ほかの生徒から見たら、ぼくらは奇妙なやりとりをしていただろう。でもぼくにとってはじめての経験だった。こんな風に出会ったばかりのひととこんな風に笑いあうことなどなかったから。
退屈な入学式を終え、当たり前のようにぼくらは一緒に帰り道を共にした。さっきひとりで歩いたところをもう既に誰かと一緒にいるなんて駅を降りたときは思いもしなかった。

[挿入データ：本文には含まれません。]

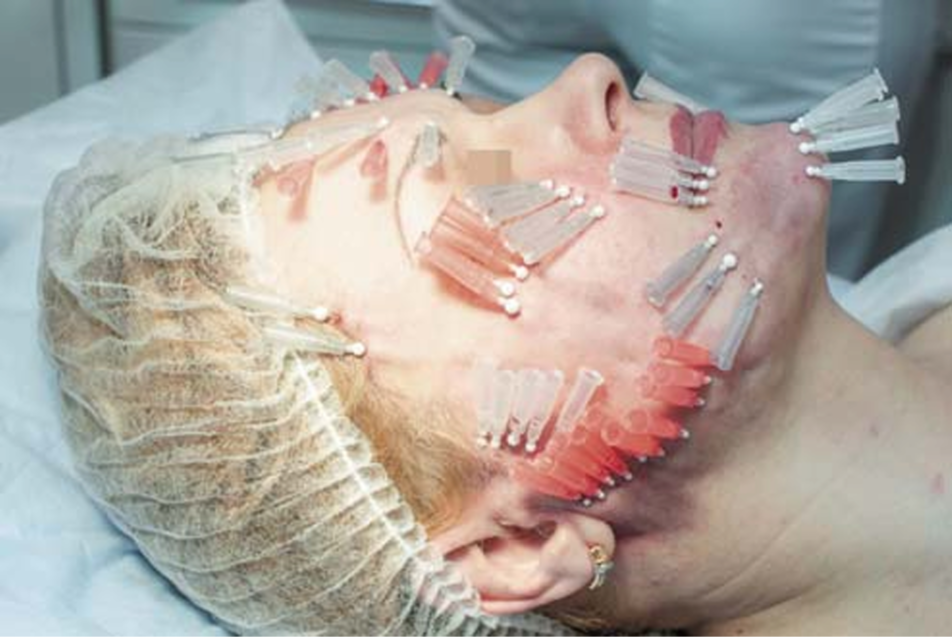 Пример бессмысленной и небезопасной НМ. Нет единой конструкции, нити вводятся в разные зоны без изъятия коннектора.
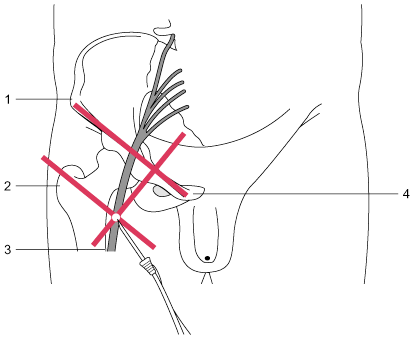 sciatic nerve block anterior approach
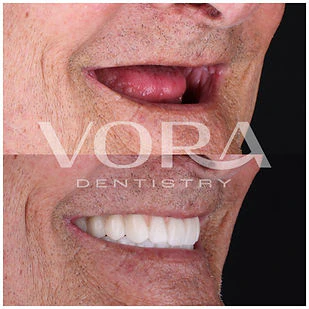 Real VORA Dentistry patient before & after Case 1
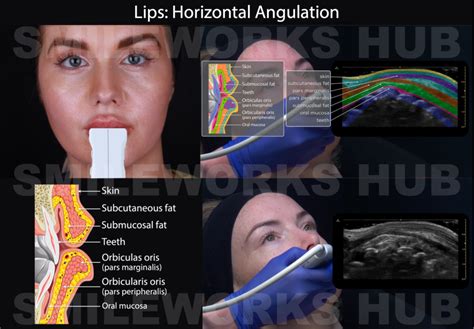 Mastering Lip Filler Injection Techniques A Comprehensive Guide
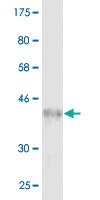 Anti-CD74 Mouse Monoclonal Antibody [clone: 1D1]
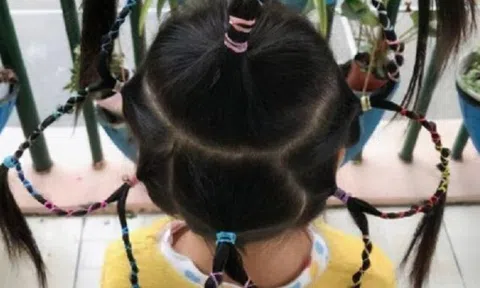 Con gái đi học về mỗi ngày một kiểu tóc nhưng liên tục nói đau đầu, mẹ nhắn tin cho cô giáo thì sốc trước câu trả lời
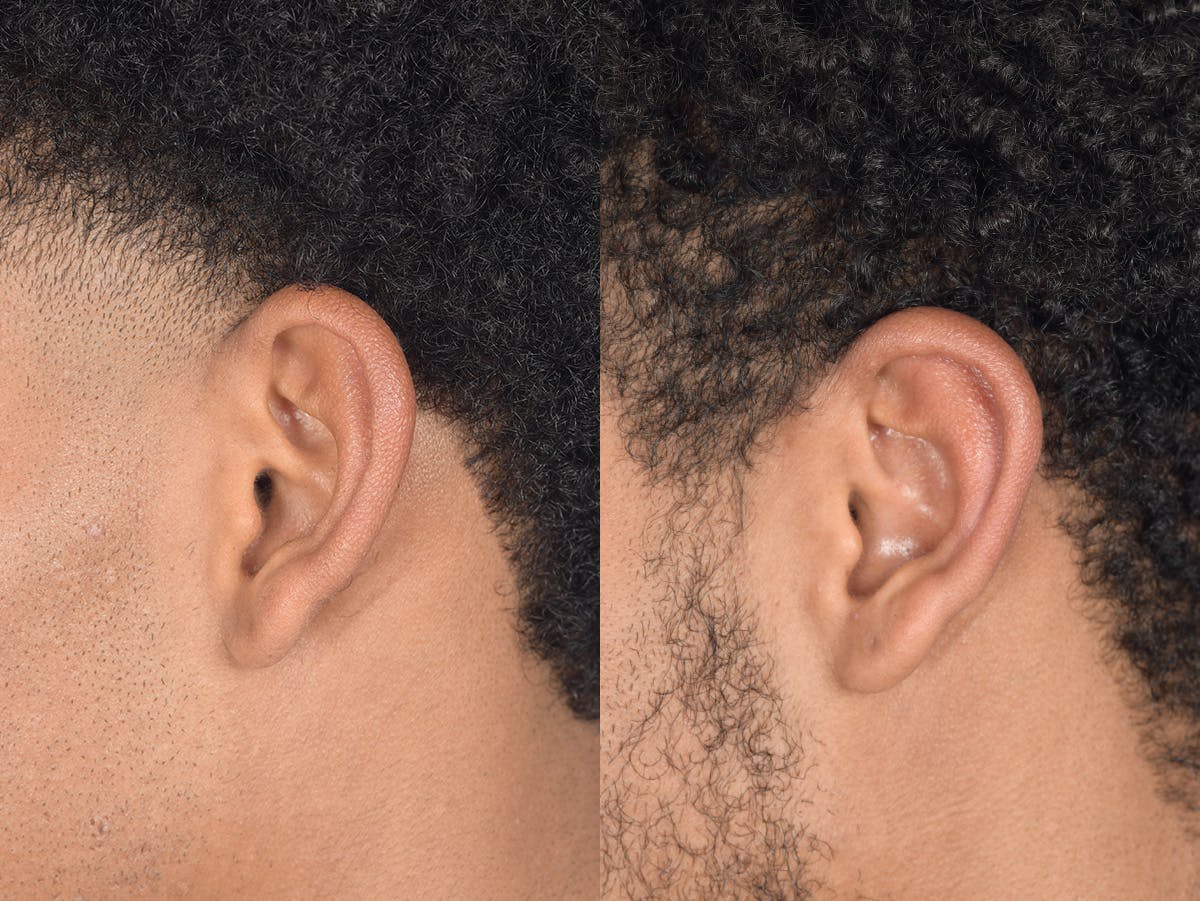 Otoplasty Before & After Gallery - Patient 394023 - Image 6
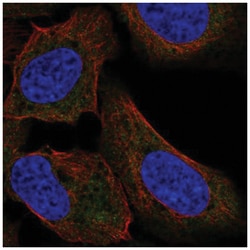 TTF2 Antibody, Novus Biologicals 25 &mu;L, Unlabeled:Antibodies, Polyclonal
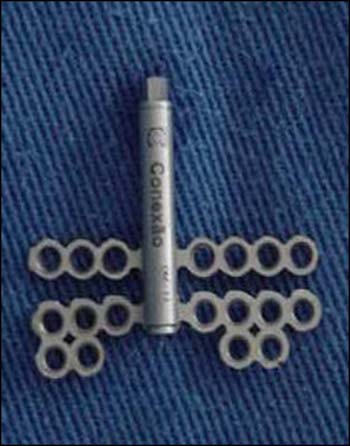 Fig. 3 Dispositivo de distracción osteogénica de la Conexão Implant System®. SP-Brasil, ya a adaptado para su colocación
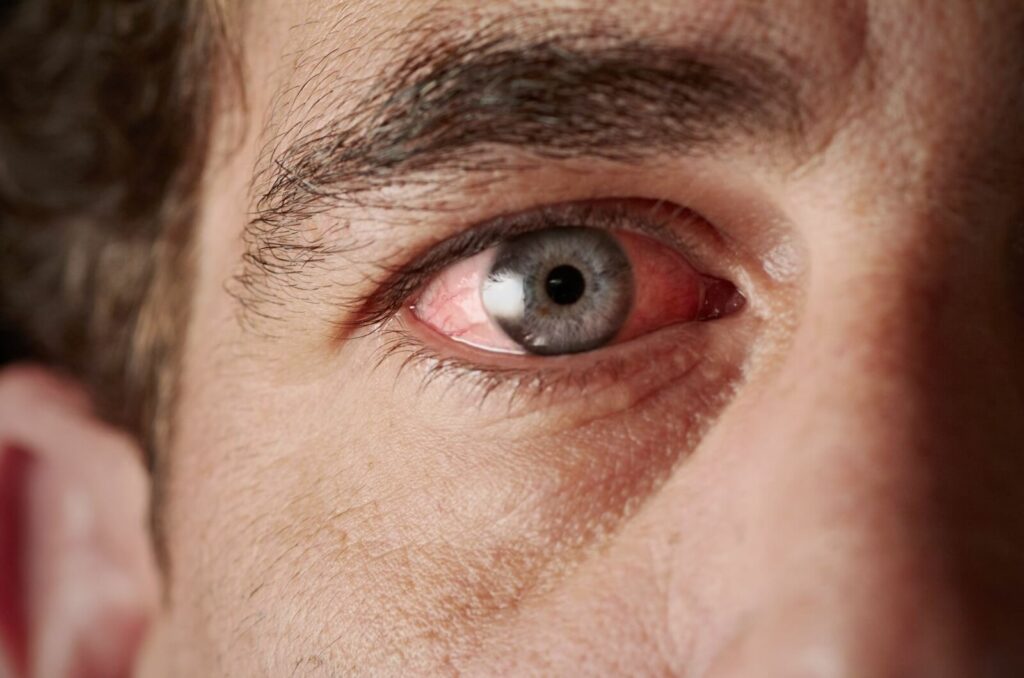 A close-up image of a red and inflamed eye due to some form of pink eye.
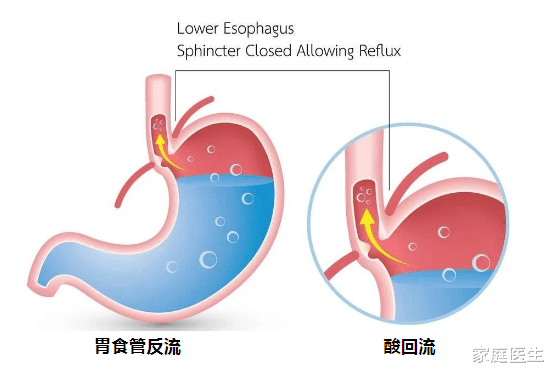胃酸|饭后反酸、烧心,是怎么回事?6种“烧心反酸”食物,千万要少碰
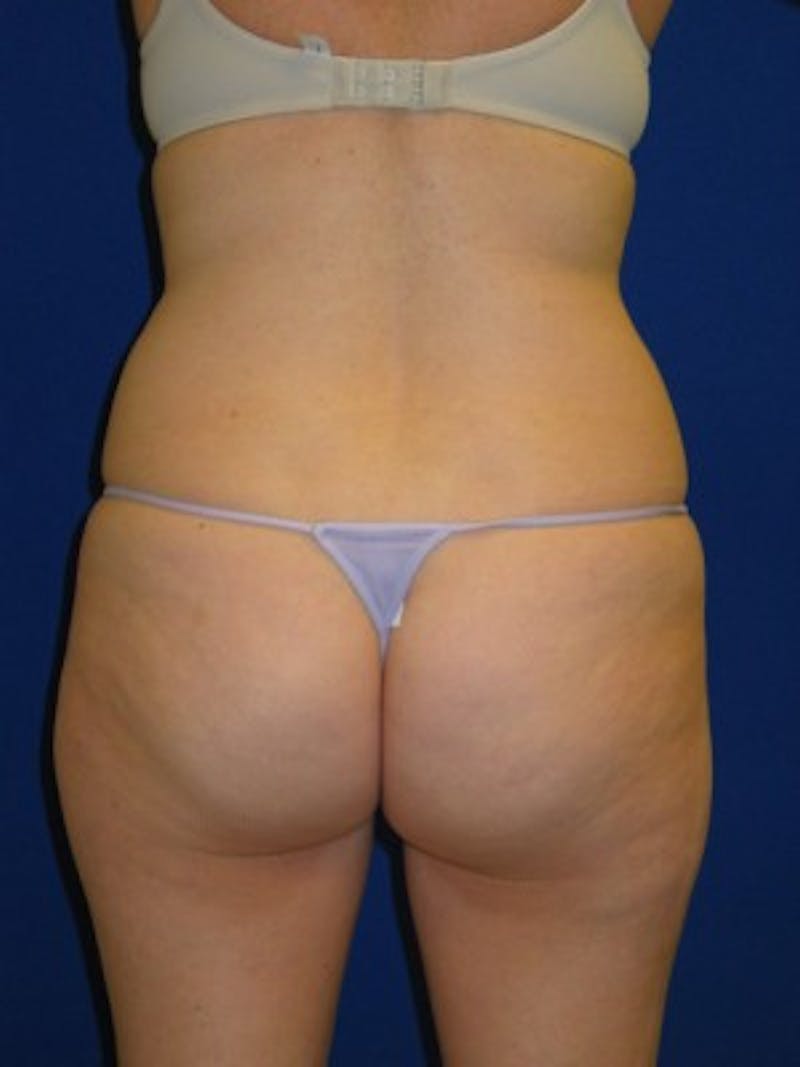 Liposuction Before & After Gallery - Patient 175169339 - Image 7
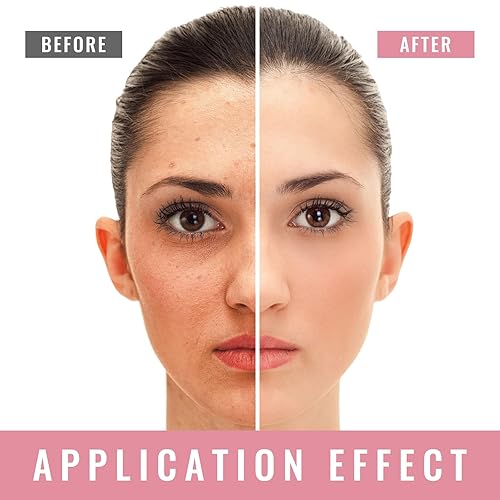 Miniatura 4 de Sueros faciales de vitamina C 4 en 1 con ácido hialurónico, vitamina E, niacinamida, suero facial iluminador de vitamina C para piel seca y apagada,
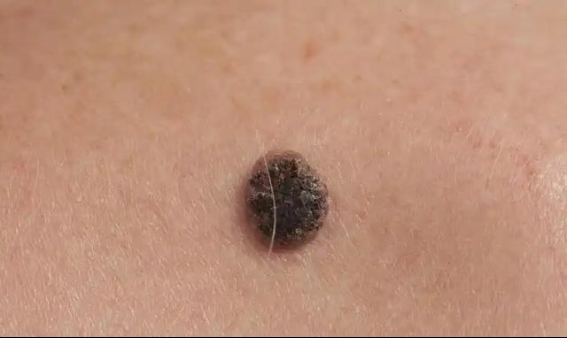 患上这4种癌症，早期治疗让你重回健康生活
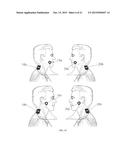 ELECTRICAL STIMULATION DEVICE AND METHOD FOR THE TREATMENT OF NEUROLOGICAL     DISORDERS diagram and image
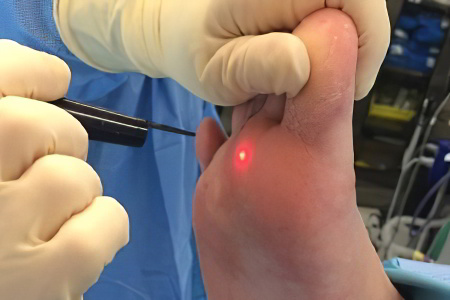 Удаление мозолей лазером Удаление мозолей лазером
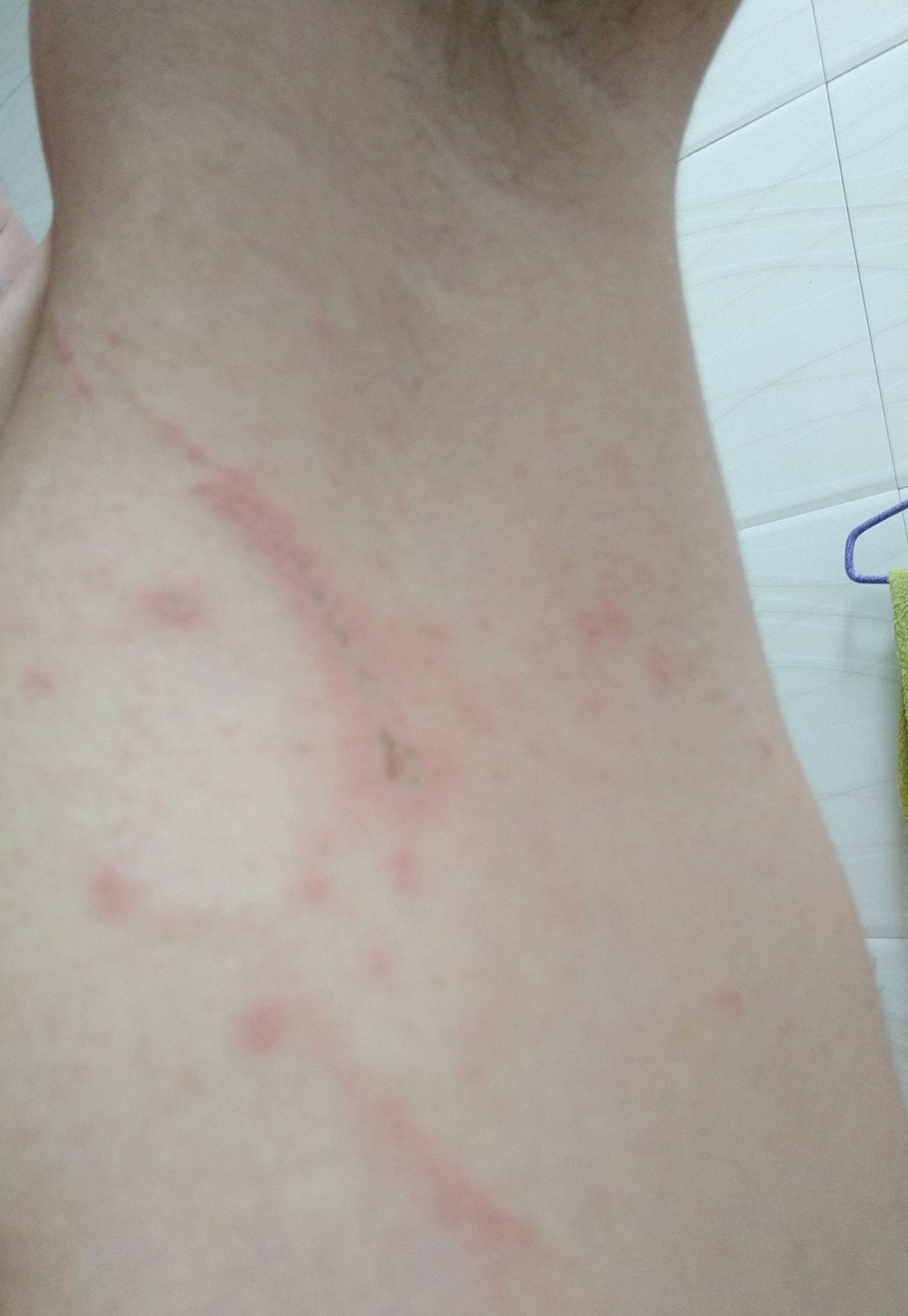 腋下长了些东西不知道是什么红红的还有些小泡泡白色的然后还有疤痕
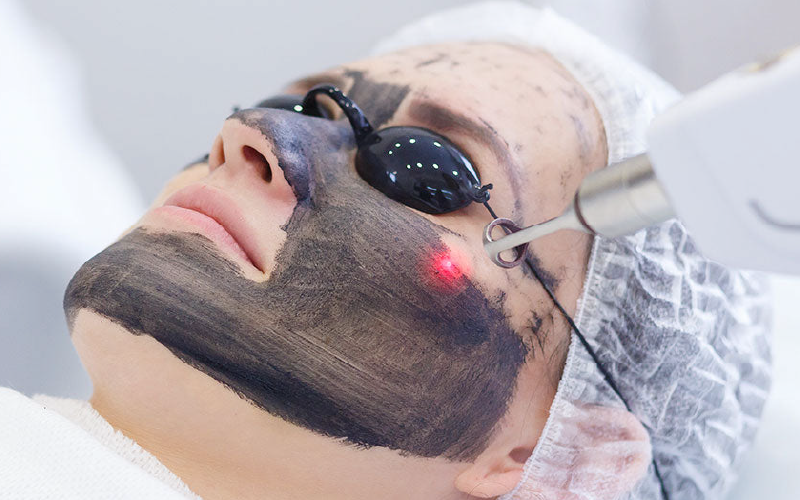 Facial Hollywood Peel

土手でサッカーをしている子どもやキャッチボールをしている親子を見ながら駅に向かい、四つしかない改札を通って、電工芸地盤の前で止まった。
「のぼり? くだり?」
「のぼりだよ」
「じゃあ一緒だ」
ぼくらは同じ一番線のホームから出る電車に乗った。電車は少し混雑していて、いつものガソリン臭さに交じっていろんなひとの匂いがする。
「どこで降りる?」
ぼくがそう訊ねるとあたえはつり革を掴み、体を揺らしていた。
「三つ目」
「ぼくはその前なんだ」
「近いね」
そんな近いところにあたえの存在があったなんてなかなか実感の沸かないことだ。
淡々と電車は停車駅で人々を乗り降りさせ、ぼくの家の最寄駅に停まる。
「じゃあ」
ぼくがそう言うと、あたえは薄く笑みをつくった。
「バイバイ」
ホームに降りて、扉が閉まるのを見ていた。
淡泊な言葉で別れた割には名残惜しかった。あしたまた会えるのに、しばらく会えないような気持ちになる。ホームを通り、歩いて十分の家に辿りつく。
家の中に入ると、母がおかえりと顔を出した。
「入学式どうだった?」
「まぁまぁかな」
ぼくはそのまま階段をあがり、自室に入って、折りたたんでいる布団を広げ、仰向けになり、枕に顔を埋めた。